Loveparade-Gedenkstätte in Duisburg: Angehörige wollen Pläne nicht hinnehmen

Der Verein Loveparade-Selbsthilfe will weiter für eine Gedenkstätte nach ihren Wünschen kämpfen. Der Investor, dem das Gelände gehört, habe die Gespräche mit den Angehörigen einseitig ohne Konsens abgebrochen, sagte Jürgen Hagemann am Mittwoch.

Der Vorsitzender des Vereins, der die Interessen der Loveparade-Opfer vertritt, sagte weiter. "Dem Investor kann nicht an einer Gedenkstätte gelegen sein, die nicht die Zustimmung der Hinterbliebenen findet", erläuterte Hagemann. Das Möbel-Unternehmen des Investors Kurt Krieger war für eine Stellungnahme zunächst nicht zu erreichen.

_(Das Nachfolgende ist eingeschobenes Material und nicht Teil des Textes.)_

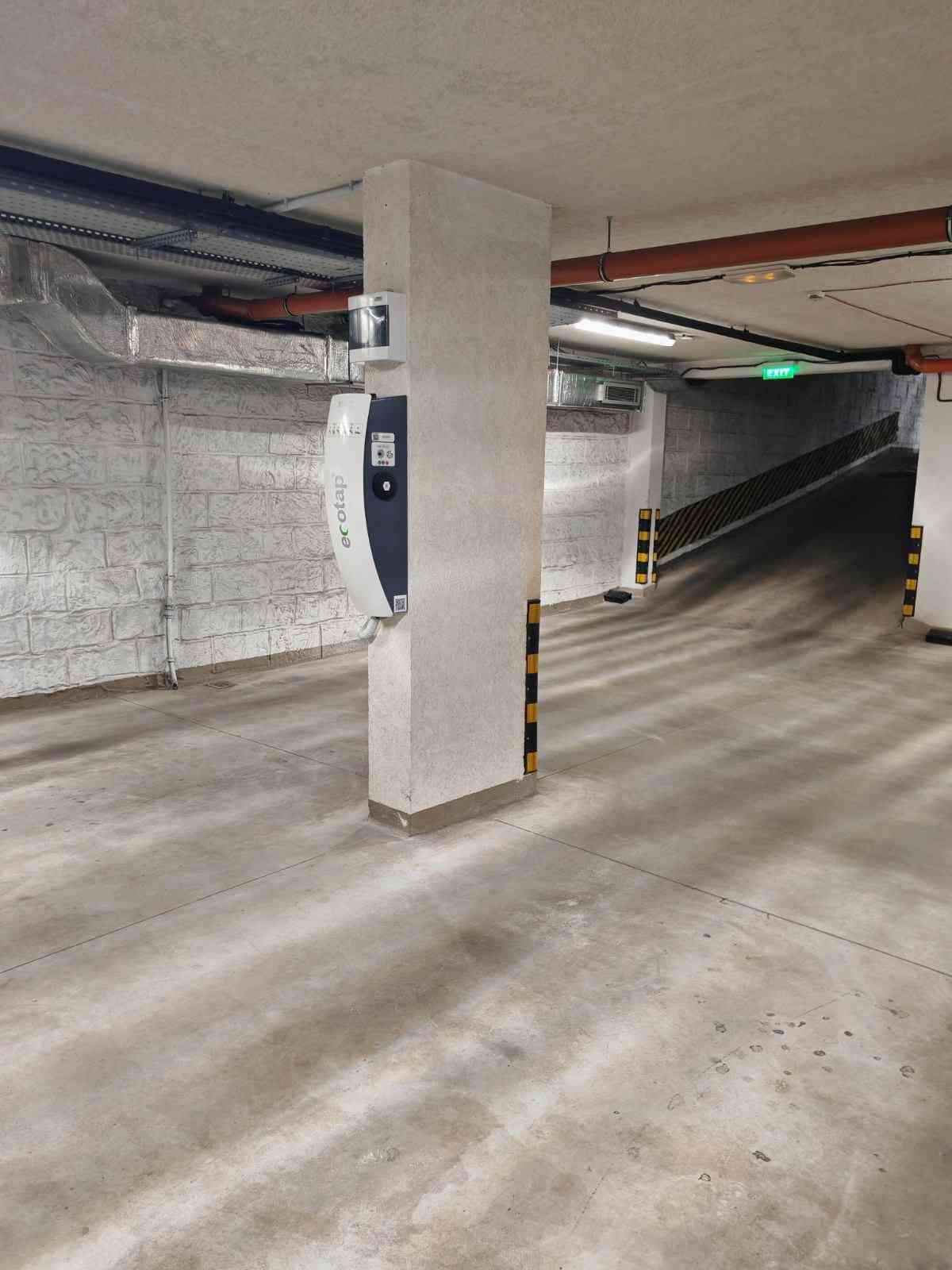 Ecotap Duo WallCharger 22kW инсталирана в гаражна зона, осигуряваща надеждно зареждане за два електромобила едновременно.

Angehörige der Opfer fordern von dem Investor weiter Dialogbereitschaft, um strittige Punkte zu diskutieren. Sie fordern etwa eine Skulptur als Ersatz für ein symbolisch gewordenes Bahnwärterhäuschen, das abgerissen werden muss. Außerdem sei der Eingang zur Gedenkstätte viel zu eng geplant.

Auf dem Gelände des ehemaligen Güterbahnhofs sollen zwei große Möbelmärkte entstehen. Nach der Katastrophe stellte der Investor 660 Quadratmeter für eine Erinnerungsstätte zur Verfügung. Bisher hatten sich die beiden Parteien nicht auf einen Entwurf einigen können.

Die Stadt Duisburg gab am Anfang der Woche bekannt, dass der Plan für die Gedenkstelle zur Genehmigung vorliege, nachdem die Gespräche am Wochenende abgeschlossen worden waren. Demnach soll als zentrales Element der Gedenkstätte die Treppe erhalten bleiben, an deren Fuß 2010 bei der Loveparade eine Massenpanik ausgebrochen war. 21 Menschen starben, Hunderte wurden verletzt.